WORK ORDER:
Return every line of the entries that includes the word "Рождественский".

Brief descriptive captions:
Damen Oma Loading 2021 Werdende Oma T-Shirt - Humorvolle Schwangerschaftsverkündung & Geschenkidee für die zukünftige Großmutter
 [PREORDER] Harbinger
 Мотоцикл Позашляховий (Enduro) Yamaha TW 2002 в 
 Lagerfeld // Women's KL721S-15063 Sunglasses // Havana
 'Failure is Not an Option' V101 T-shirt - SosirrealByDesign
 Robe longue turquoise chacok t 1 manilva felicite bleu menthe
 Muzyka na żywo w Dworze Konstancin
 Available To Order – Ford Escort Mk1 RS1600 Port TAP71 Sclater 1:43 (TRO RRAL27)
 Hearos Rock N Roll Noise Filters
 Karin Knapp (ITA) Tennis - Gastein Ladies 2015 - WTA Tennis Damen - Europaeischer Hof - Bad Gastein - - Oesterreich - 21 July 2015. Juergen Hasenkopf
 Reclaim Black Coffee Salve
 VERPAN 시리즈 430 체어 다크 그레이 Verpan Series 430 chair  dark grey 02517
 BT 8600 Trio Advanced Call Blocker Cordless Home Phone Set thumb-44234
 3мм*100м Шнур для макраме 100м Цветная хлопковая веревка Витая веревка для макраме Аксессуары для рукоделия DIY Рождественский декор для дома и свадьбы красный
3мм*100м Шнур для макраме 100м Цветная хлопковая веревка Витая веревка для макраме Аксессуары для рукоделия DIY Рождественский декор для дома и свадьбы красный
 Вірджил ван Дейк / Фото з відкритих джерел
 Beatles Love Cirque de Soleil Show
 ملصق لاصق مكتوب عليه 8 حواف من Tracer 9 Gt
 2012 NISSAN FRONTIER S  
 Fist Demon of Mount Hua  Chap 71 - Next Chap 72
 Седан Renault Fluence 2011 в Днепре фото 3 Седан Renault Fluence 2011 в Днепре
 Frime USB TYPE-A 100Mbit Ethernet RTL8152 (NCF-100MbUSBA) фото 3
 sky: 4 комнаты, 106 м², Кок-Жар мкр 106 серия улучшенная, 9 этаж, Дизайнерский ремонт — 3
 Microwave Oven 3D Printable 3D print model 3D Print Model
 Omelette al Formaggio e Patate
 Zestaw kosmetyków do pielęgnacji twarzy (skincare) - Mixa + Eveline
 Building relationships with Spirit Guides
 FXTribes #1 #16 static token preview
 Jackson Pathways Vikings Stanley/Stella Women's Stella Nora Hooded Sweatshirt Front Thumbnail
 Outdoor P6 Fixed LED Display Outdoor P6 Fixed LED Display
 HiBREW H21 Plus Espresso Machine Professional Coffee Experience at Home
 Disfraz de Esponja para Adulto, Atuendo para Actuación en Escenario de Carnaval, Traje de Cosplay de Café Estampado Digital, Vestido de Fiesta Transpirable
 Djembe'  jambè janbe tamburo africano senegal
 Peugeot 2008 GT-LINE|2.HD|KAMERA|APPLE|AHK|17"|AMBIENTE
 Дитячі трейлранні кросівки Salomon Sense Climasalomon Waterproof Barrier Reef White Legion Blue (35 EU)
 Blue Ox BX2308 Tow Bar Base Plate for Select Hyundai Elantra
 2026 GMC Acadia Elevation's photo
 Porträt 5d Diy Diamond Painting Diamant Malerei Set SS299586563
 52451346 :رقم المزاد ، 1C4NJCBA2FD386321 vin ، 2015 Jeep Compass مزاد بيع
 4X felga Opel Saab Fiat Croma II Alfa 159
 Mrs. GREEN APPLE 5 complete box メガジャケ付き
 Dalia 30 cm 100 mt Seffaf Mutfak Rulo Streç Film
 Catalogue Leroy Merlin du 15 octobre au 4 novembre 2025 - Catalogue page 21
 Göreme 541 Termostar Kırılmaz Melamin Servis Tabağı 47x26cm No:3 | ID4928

EXERCISE ANSWER:
 3мм*100м Шнур для макраме 100м Цветная хлопковая веревка Витая веревка для макраме Аксессуары для рукоделия DIY Рождественский декор для дома и свадьбы красный
3мм*100м Шнур для макраме 100м Цветная хлопковая веревка Витая веревка для макраме Аксессуары для рукоделия DIY Рождественский декор для дома и свадьбы красный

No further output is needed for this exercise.